■ DATA ■
***

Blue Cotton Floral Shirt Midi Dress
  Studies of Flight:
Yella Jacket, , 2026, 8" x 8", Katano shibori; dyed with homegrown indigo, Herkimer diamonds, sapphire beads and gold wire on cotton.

***

■ TASK STATEMENT ■
A complete, exact copy of the material is the expected answer.

■ SOLUTION FOR THIS EXERCISE ■
Blue Cotton Floral Shirt Midi Dress
  Studies of Flight:
Yella Jacket, , 2026, 8" x 8", Katano shibori; dyed with homegrown indigo, Herkimer diamonds, sapphire beads and gold wire on cotton.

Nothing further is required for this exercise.